4 - En 2014 et a fortiori en 2015, l’EBE hors main-d’œuvre ne suffit pas toujours à payer les annuités et la main-d’œuvre. C’est ce que montre le calcul de la CAF nette (capacité d’autofinancement) qui est égale à l’EBE hors MO moins les annuités lait et le coût de la main-d’œuvre lait (2). « En 2014, la CAF est négative dans les exploitations où l’efficience est plus faible, mais en 2015, elle est négative dans plus de la moitié des cas. Avec une annuité de 65 €/1 000 litres, plus de 80 % des élevages restent bénéficiaires en 2014, mais seulement 50 % en 2015 (voir tableau 1). » Et en 2016, extrapole le BTPL, avec 35 €/1 000 l en moins sur le prix du lait, 5€ en moins sur la viande, 10 à 20 € d’aides PAC en moins en plaine, 15 € de charges de concentrés/engrais en moins… seulement moins de 20 % des élevages resteraient bénéficiaires.

5- Quel niveau maximum d’annuités pour éviter les déficits ? Le BTPL a calculé les annuités pour que la CAF soit nulle (voir tableau 2).

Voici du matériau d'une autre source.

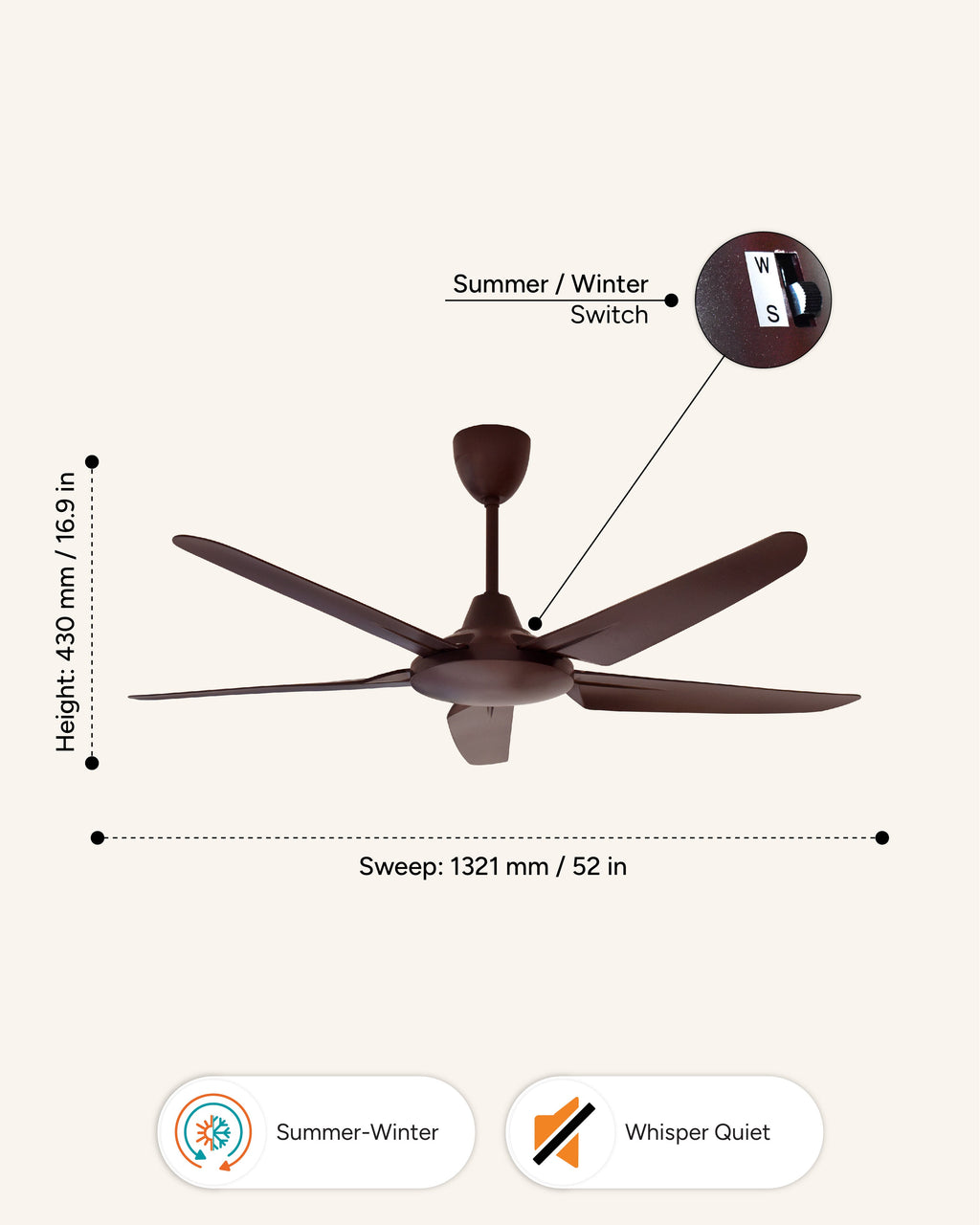Race DC - Simply Modern Fan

Il conclut qu’en 2015, une baisse du niveau des annuités peut difficilement éponger les déficits dans un cas sur deux. "Et il n’y a pas un niveau d’annuités à ne pas dépasser pour l’ensemble des ateliers lait, souligne Michel Deraedt. Celui-ci doit être en cohérence avec la capacité à rembourser." Mais quel plafond d’annuités se fixer pour de futurs investissements ? Doit-on se baser sur une année de type 2014 en prenant un risque énorme, de type 2015 plus proche de la moyenne, ou de type 2016 en jouant la sécurité mais avec des investissements limités ? Faut-il ralentir le rythme des investissements ?

Le niveau d’annuités/1 000 litres : un critère aujourd’hui très important

La présentation de ces chiffres a suscité beaucoup de commentaires et d’interrogations dans l’assistance. « La solution est-elle au niveau des banques (NDLR : avec des modalités de financement plus adaptées à la volatilité) ? » « Beaucoup d’agrandissements jusqu’à présent se sont faits en saturant des bâtiments, mais les accroissements futurs devront se faire avec des investissements importants : les fermes seront-elles capables de faire ce saut ? » « N’est-on pas arrivé au bout d’un système : comment rémunérer le capital ? Ne dois-je pas chercher d’autre mode de financement pour mon outil de travail ? » « On sait tous qu’à moyen terme, le nombre d’exploitations va être divisé par deux : soit on a une filière qui réussit à investir, soit on aura une filière qui produira 12 milliards de litres au lieu des 24 milliards actuels. » Enfin, l’étude montre tout de même "qu’il y a des exploitations qui arrivent à conjuguer gros volume/UMO et efficience (32 sur 391). Il faut un certain temps pour trouver un équilibre quand on se développe, mais le jour où cela marche, ça marche ! »

(1) Prix d’équilibre lait standard (méthode Institut de l’élevage).(2) Salariés, rémunération standard 1,5 Smic et MSA réelle.

Trois critères stratégiques à forte variabilité

° L’efficience économique : EBE lait hors main-d’œuvre (MO). Elle est fortement conditionnée par le travail de tous les jours, et la maîtrise des charges et l’optimisation des produits (sauf les prix de base).

° Le coût de rémunération de la main-d’œuvre : volume lait produit/UMO lait. Le dimensionnement de l’atelier lait est un choix stratégique (accroissement ou non du volume, équipement/automatisation/MO).

° Les charges d’investissement : annuités lait/1 000 l. Le financement doit être cohérent avec la capacité à créer du revenu.